So remember, when you record a timestamp, the value is saved as UTC, but when you convert a timestamp to date/time the value needs to reference a time zone (sometimes defaults to local time, sometimes the default of 'UTC' is assumed).

Pitfall 2: Resolution

UNIX timestamps are usually represented as seconds. However most operating systems have much higher resolution than this. If you need higher resolution than one second, you will probably need to use an extended timestamp which contains a decimal portion that corresponds to fractional seconds.

Getting a timestamp with sub-second resolution is not really a problem, but you may find that some date libraries are limited here a touch or have different levels of resolution.

For example Javascript stores Numbers in 64bit format, so a floating point timestamp will have less resolution than you can get from a modern monotonic clock which returns time in as high as 128bit resolution. There are ways around this, but realize that when using date libraries and hi-res timestamps ymmv.

Pitfall 3: Synchronization

It is said that the man with a watch always knows what time it is, but the man with two watches is never sure.

The standardization of the UNIX timestamp is a great step toward offering a framework for coordinated time, but it leaves open the question of synchronization. Programmers usually have to rely on additional means to provide high accuracy time synchronization like the network time protocol (ntp).

If you are designing a distributed system that needs highly accurate time accounting, make sure you have some means in place to facilitate the synchronization of system time. NTP is usually a good choice but you will need to configure you system to use it in some cases.

Show and Tell

There are lots of times when something has been logged as a timestamp and I need a quick conversion to a human readable date/time string.

To simplify my life I created a simple utility to help me convert timestamps to the local time in my terminal and to do a few other cool things. There is not much magic to this, but I have found it to be really helpful.

Check it out and feel free to use it or share it if it was helpful.

GitHub logo KalenAnson / tsc

UNIX Timestamp Utility

tsc

tsc is a simple UNIX Timestamp utility for the shell. It can get the current UNIX timestamp, convert a timestamp into localized time and diff timestamps.

Examples

  1. Get current UNIX timestamp: (I realize this is trivial with date(1), but how often have you googled this.)

     $ tsc
     1534947844
    
  2. Convert timestamp to local time:

     $ tsc 1534950044
     1534950044 -> Wed Aug 22 11:00:44 EDT 2018
    

    tsc also accepts input from stdin in same format as its arguments (timestamp timestamp ...)

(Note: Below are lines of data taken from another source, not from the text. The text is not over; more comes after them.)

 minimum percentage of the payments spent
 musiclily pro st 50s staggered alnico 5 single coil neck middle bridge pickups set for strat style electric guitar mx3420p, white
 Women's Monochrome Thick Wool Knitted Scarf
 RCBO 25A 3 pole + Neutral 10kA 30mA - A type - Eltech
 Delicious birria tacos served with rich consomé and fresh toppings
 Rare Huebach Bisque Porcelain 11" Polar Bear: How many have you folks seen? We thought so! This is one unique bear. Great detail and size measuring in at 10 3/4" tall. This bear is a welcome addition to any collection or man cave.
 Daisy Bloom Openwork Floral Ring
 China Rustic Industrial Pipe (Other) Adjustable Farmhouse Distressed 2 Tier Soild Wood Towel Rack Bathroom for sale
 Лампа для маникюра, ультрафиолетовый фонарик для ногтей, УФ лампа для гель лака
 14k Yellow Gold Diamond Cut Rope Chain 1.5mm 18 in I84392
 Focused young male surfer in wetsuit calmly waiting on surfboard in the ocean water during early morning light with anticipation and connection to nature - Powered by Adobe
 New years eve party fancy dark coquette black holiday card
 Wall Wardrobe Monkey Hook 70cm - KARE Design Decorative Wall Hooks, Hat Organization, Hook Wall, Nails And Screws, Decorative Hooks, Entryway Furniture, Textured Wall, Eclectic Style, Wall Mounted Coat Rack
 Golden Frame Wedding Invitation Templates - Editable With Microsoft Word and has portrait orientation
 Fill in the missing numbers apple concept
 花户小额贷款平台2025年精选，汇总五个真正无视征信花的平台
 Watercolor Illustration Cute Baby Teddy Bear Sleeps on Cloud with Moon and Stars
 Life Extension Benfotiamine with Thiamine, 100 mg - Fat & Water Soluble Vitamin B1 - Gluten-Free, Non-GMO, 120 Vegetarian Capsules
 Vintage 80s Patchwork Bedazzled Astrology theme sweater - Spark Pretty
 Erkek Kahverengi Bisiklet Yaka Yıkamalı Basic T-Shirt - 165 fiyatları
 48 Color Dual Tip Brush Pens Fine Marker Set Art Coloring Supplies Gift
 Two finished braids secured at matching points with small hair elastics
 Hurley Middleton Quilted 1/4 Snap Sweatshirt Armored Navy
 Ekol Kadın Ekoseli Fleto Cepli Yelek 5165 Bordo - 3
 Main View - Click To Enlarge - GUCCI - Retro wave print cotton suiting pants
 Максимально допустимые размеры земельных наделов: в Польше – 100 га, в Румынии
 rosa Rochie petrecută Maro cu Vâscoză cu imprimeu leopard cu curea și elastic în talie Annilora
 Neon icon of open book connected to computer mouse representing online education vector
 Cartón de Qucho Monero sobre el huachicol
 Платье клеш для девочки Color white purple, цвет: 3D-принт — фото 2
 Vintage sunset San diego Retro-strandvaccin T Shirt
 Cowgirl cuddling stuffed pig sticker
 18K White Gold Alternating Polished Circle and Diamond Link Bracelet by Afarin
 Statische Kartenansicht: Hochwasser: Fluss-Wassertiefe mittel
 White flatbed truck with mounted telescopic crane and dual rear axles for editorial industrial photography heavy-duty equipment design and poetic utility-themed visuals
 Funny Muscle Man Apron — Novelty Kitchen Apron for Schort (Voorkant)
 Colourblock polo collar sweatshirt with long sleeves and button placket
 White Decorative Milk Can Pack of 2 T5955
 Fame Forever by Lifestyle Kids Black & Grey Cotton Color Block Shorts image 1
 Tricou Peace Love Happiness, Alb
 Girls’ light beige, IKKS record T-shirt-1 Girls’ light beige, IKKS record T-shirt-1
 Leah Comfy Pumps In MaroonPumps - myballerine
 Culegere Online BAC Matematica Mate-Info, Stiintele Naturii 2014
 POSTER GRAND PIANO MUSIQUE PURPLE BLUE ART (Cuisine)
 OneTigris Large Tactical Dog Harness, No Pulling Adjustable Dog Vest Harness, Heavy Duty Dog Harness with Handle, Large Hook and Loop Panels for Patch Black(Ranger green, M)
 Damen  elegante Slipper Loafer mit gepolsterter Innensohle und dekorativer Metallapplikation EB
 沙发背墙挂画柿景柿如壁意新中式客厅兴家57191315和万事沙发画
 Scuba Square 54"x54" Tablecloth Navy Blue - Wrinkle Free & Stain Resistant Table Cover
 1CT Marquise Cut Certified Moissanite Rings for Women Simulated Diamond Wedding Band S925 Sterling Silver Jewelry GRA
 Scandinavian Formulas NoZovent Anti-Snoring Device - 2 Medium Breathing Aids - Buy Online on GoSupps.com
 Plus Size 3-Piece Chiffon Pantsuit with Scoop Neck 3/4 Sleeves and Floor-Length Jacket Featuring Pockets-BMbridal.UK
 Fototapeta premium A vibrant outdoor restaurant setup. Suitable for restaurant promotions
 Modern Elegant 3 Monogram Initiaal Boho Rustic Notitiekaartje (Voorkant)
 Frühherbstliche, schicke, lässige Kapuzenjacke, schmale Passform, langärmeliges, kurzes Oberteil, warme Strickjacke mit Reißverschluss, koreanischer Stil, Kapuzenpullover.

     $ echo 1534947844 | tsc
     1534947844 -> Wed Aug 22 10:24:04 EDT 2018
    
  3. Diff timestamps (calculates the duration of the smallest and the greatest arguments):

     $ tsc 1534947844 1534947904
     1534947844 -> Wed Aug 22 10:24:04 EDT 2018
     1534947904 -> Wed Aug 22 10:25:04 EDT 2018
     Duration: 00:01:00
    

    tsc is also a first class utility, so it plays nicely with pipelines. Here we diff a timestamp and 'now'…

I hope that you <3 the UNIX timestamp just a bit more from reading this.

Top comments (5)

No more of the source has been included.